In 2004, she was awarded a Nobel Peace Prize "for her contribution to sustainable development, democracy and peace."
In 2009, she told CNN she is worried about the impact of the global economic downturn on Africa, combined with the consequences of global warming on a continent that's already suffering from drought, food shortages and a paucity of responsible leadership.
"We see time and time again that the ruling elite are the least concerned about the poor and not only use the poor to argue their case, but when the money is available they're not paying attention to the issues that would make a difference in the lives of the poor people."
She said the rumbles of discontent among the people of Kenya, her home country, were getting louder.
On December 12 last year as the country celebrated 45 years of independence from British rule, President Mwai Kibaki was heckled as he addressed the crowd.
"For the first time in our history, the president was shouted down as he was trying to address the people. People shouted 'food, food, food ... we are telling you we want food,'" Maathai recalled.
"That was completely unprecedented so you can see that people are unhappy, people are dissatisfied and are even willing to let their leaders know."
Fifteen years ago, Maathai would have been worried about the possible consequences of publicly criticizing the Kenyan leadership. In those days, former President Daniel arap Moi presided over an era of political repression.
After his retirement in 2002, Maathai was herself elected to parliament and served as a minister until 2007.
An election in December of the same year sparked violent clashes between supporters of the incumbent President Mwai Kibaki and the opposition leader Raila Odinga, both of whom claimed victory. They reached a power-sharing deal in April 2008 with Odinga taking the post of prime minister.
"It was a problem literally created by politicians because they wanted power," Maathai said of the recent turmoil in Kenya.

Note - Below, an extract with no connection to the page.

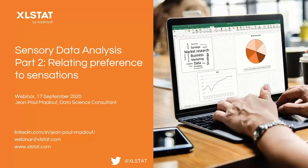Many of you already use XLSTAT, and for those of you who haven't heard of it or haven't used it yet, this is a good opportunity to discover it. If you have any questions all along the session, don't hesitate to submit them in the chat pop-up window, and I will try to answer as many questions as I can at the end.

"They were able to incite the poor people, they were able to make them kill each other, and they were able to make them rise up against each other."
"But now that they manage to come together, negotiate power, to share power. What did they do? They created the largest cabinet we have ever seen; 44 ministries and 53 assistant ministers. And why was that? Because they were trying to please each other."
"At the same time people are starving, people are suffering, and they are not spending the money on the poor, they are spending the money on themselves," she said.
Maathai said the very fact that she was able to release a book criticizing Africa's political leadership demonstrates how much has been achieved in the past few decades. Watch the controversy over another book in Kenya »
"I'm able to write a book like that, and I'm not in jail yet and so we are making the changes, but unfortunately for the majority of the people change is not coming fast enough," she said.